Legal Efficiency

Corporations are continuously looking for ways to become more efficient. Process improvement programs once only utilized in the manufacturing sector are now a dominant presence in all industries. The goal is to improve efficiency and as a result improve the bottom line. There are performance metrics for the organization, employees, suppliers and even customers. Thus, it is a natural outcome that legal management would also be scrutinized for efficiency.

During the summer of 2005, Bottomline Technologies, the provider of eXchange, conducted a survey of the Fortune 1000 companies and AM Best 200 insurers regarding legal performance. E-mail invitations were sent to approximately 1,892 individuals and more than 10 percent responded. The results were reported at the ACC 2005 Annual Meeting.

The results of the survey indicated that the respondent law departments use law-firm performance data mostly to “award new work to high performers” (59% selected this response) and to “reduce the number of outside counsel” (47%).

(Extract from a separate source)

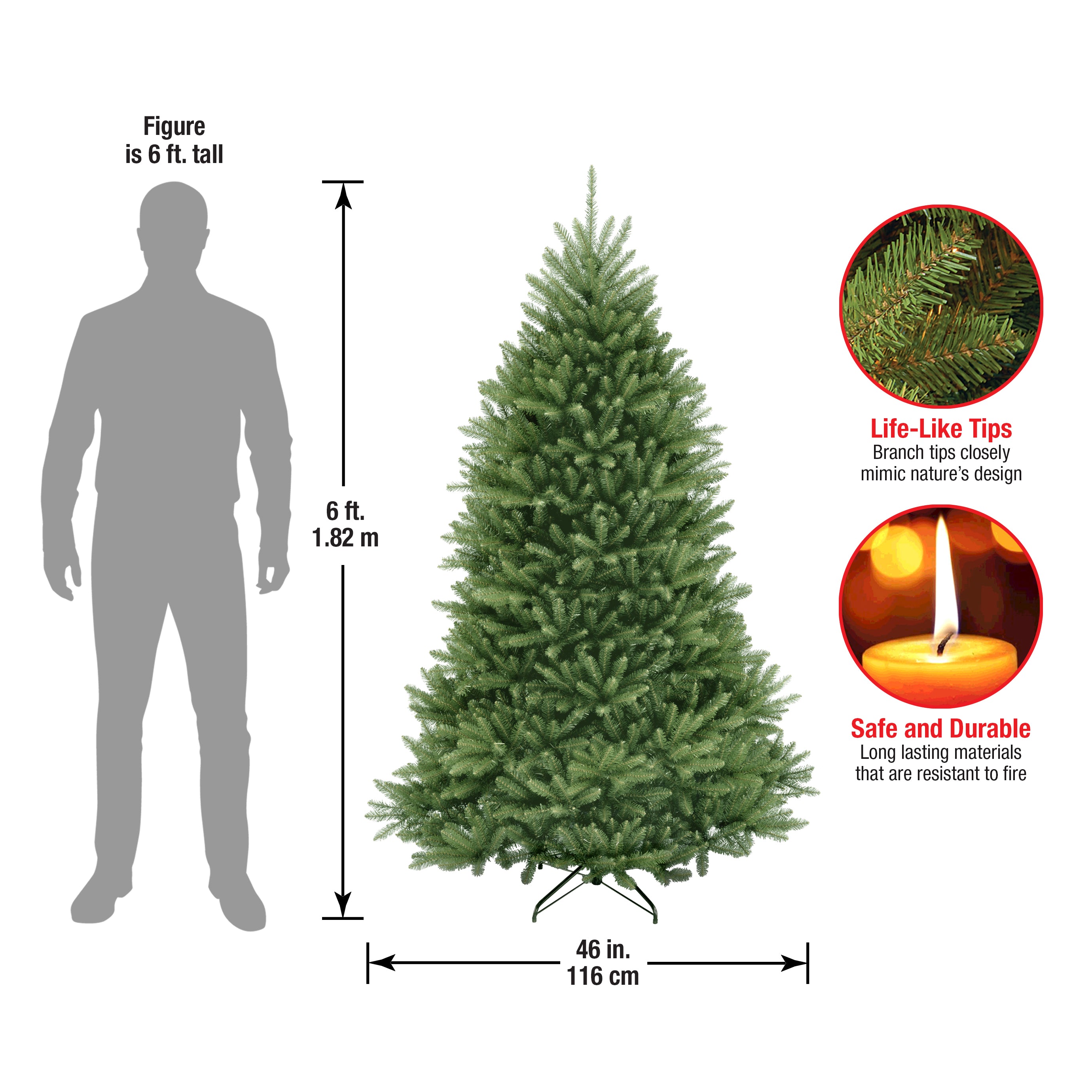 6 ft. Dunhill Fir Christmas Tree - Premium Artificial Holiday Tree for Home & Office Decor - Perfect for Living Room, Party, and Festive Celebrations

The least important uses of the performance data were to “help firms become more efficient (26%), “internal analysis only” (22%) and to “tie firm compensation to performance.” These results validate that companies are paying attention to their legal spend and allocating work to the most efficient firms.

The first step in maximizing legal efficiency is to align the organizational goals and objectives with those of legal counsel. Much of legal management is risk management. To be truly effective risk management programs must identify what is strategically important to the organization. In this way legal activities are focused on strategic objectives and higher organizational priorities. It also empowers the executive management team to confidently make business decisions because there will be a clear understanding the risk-reward propositions and operating level decisions will be evaluated within the context of the company’s overall strategies for undertaking and bearing risk.

Counsel should be provided with the organization’s strategic plan. Conversely the law firm should provide the organization with a written legal strategy. The legal services must satisfy the business purposes not the other way around.

Legal efficiency is also gained through specialization. More midsize firms are making the decision to specialize their practices in an effort to compete in a market filled with mega law firms. While this is a strategic decision that serves to differentiate the small firm and position them as an alternative to their behemoth competitors, it is a strategy that benefits the market place.

Specialization can improve productivity and efficiency. When a firm chooses to specialize and to limit their client base they are able to gain concentrated experience. They develop an extensive knowledge base around a specific area of law and achieve expediency in dealing with issues in this expertise. The firm that chooses to specialize is also able to achieve a competitive advantage by offering consistency of results in their chosen niche.

Specialty firms are able to achieve greater efficiencies as they do one thing and strive to do it better and faster than the general practice firm. Clients will gain specific expertise, time and cost savings.

It may be tempting to choose the low cost provider when it comes to legal spending but doing so could cost more money. While it is important to negotiate fees and fee structures, it is unwise to give too much weight to the hourly fee. The cheapest firm may not be the most efficient and as such will cost you more money. You may hire a firm that bills $200 per hour but because of lack of expertise, operating inefficiencies or poor management that $200 per hour can cost you more money in the long term than paying a higher hourly fee with the specific expertise and performance management that you need. In example, the $200 per hour firm may spend 40 billable hours in managing a particular legal matter. Another firm that charges $350 per hour may have handled the same legal matter in 10 billable hours.

There are a number of questions that can be asked to assess a firm’s efficiency. Does the firm appropriately outsource? Is the time spent appropriate to the task? Are task being handled at the most efficient level, i.e. is each member of the firm operating within their area of expertise and responsibility? How does the firm select its clients? Is the firm able to readily access historical knowledge? A law firm must have the expertise you need, the ability to readily access that expertise and must be able to apply that expertise in a time and cost efficient manner.

Finally, legal efficiencies can only be gained by applying rigor to the review process. Just as workflows are evaluated to maximize efficiency and productivity, so can legal management evaluate, analyze and compare costs, process, outcomes and best practices. Identify areas where operating efficiency and quality can be maximized. In reviewing, measuring and aggressively pursuing quality, you will develop a knowledge base that can be leveraged in future legal matters as well as improve your bottom line.